Work to complete: Your copy should match the entries exactly, except that it holds no pictures.

Web page caption snippets:
___

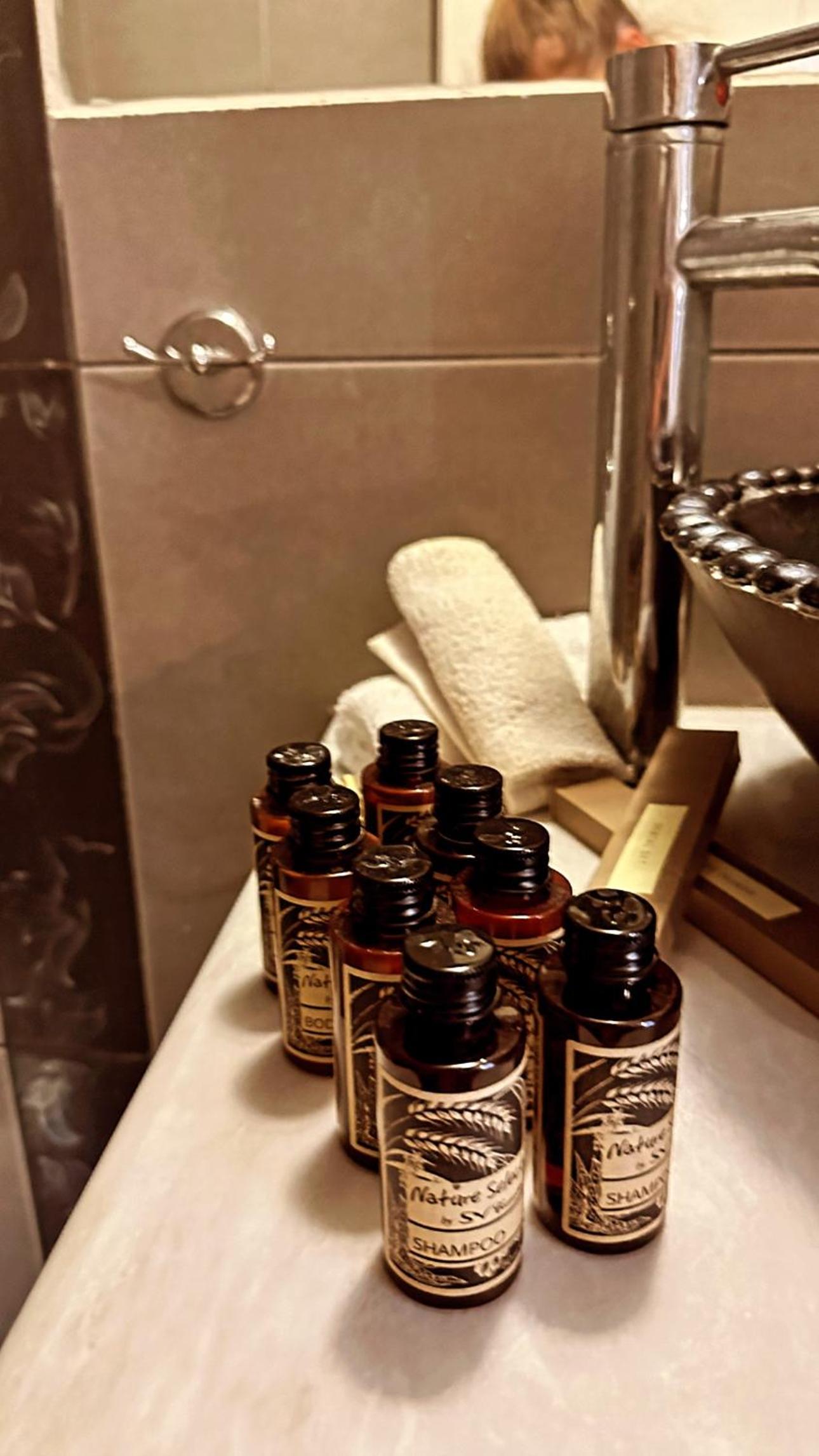 Superior King Suite - Photo 8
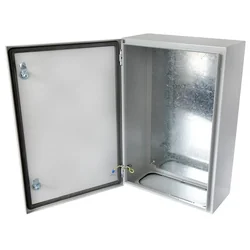 700x500x200mm Panel metálico industrial eléctrico con contrapanel galvanizado IP66 1000V 630A pintado electrostáticamente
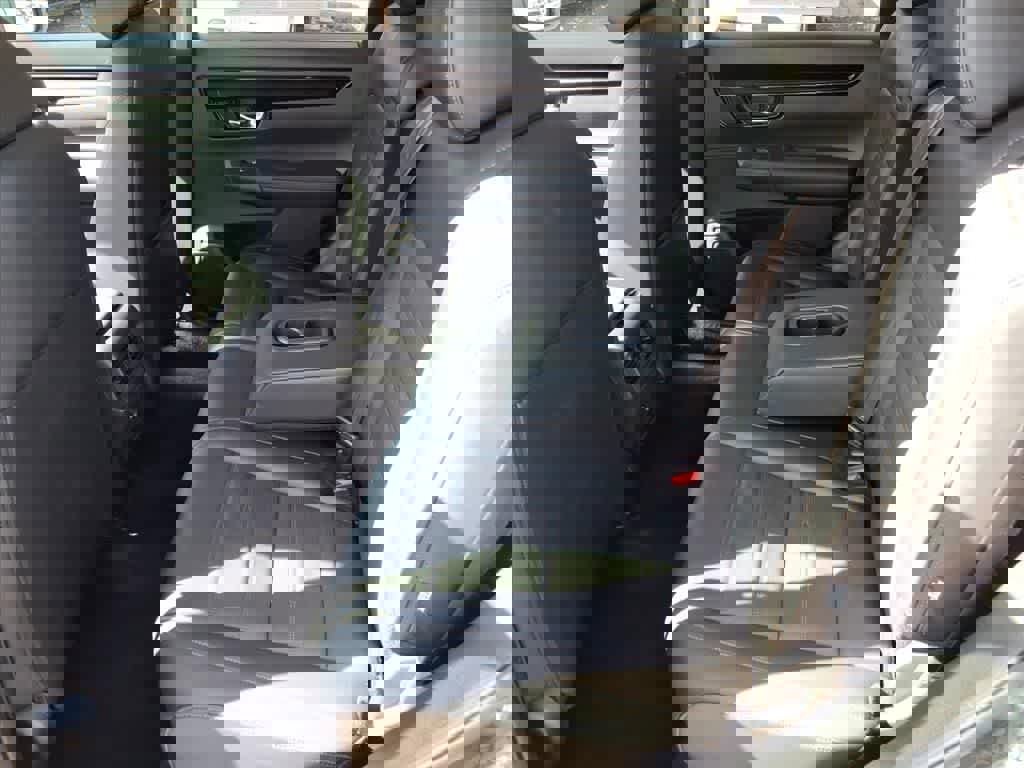 Used 2025 Honda CR-V EX-L image 9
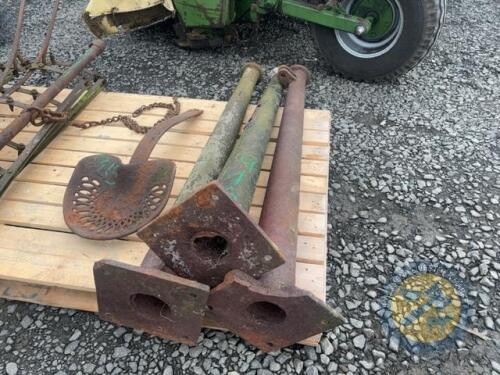 3x cast iron gate posts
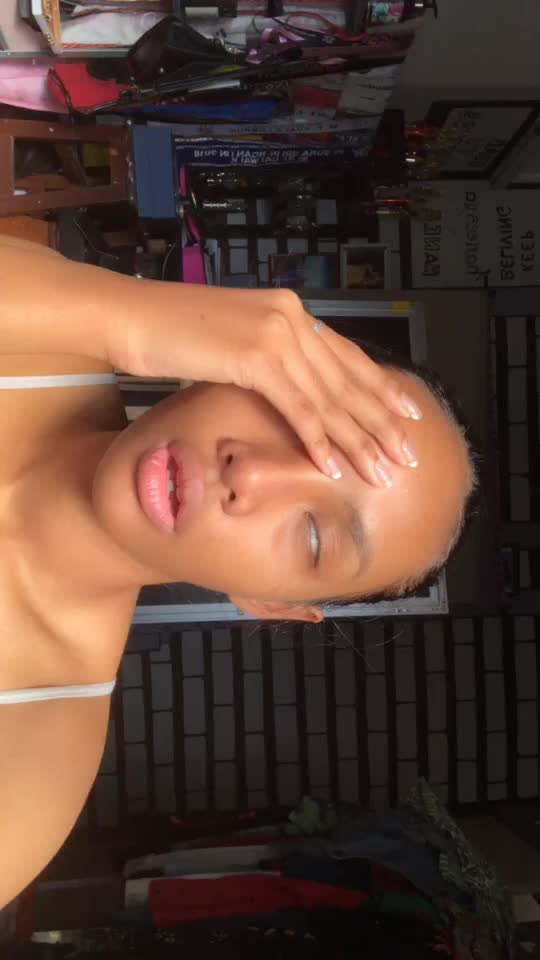 @haneesyahanee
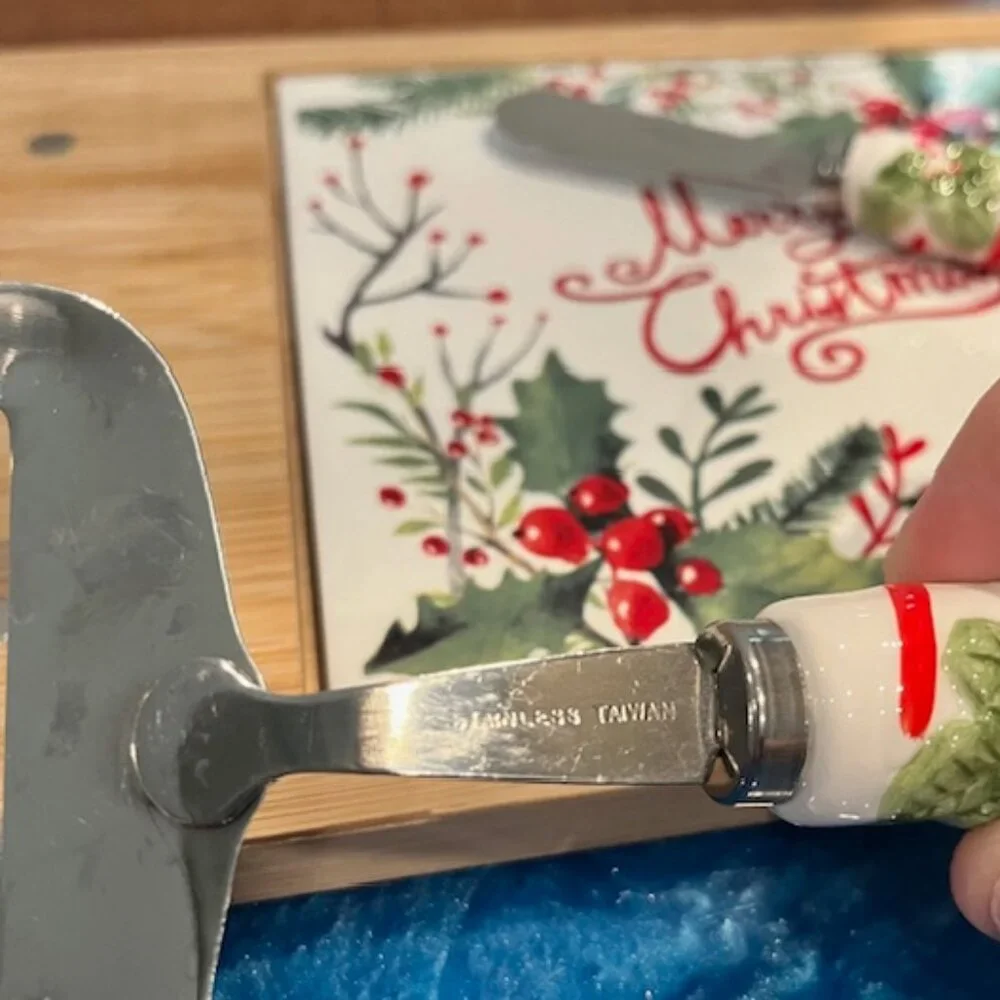 Merry Christmas Cheese Cutting Magnetic Board Serving Tray Slicer Spreader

___

Expected answer:
 Superior King Suite - Photo 8
 700x500x200mm Panel metálico industrial eléctrico con contrapanel galvanizado IP66 1000V 630A pintado electrostáticamente
 Used 2025 Honda CR-V EX-L image 9
 3x cast iron gate posts
 @haneesyahanee
 Merry Christmas Cheese Cutting Magnetic Board Serving Tray Slicer Spreader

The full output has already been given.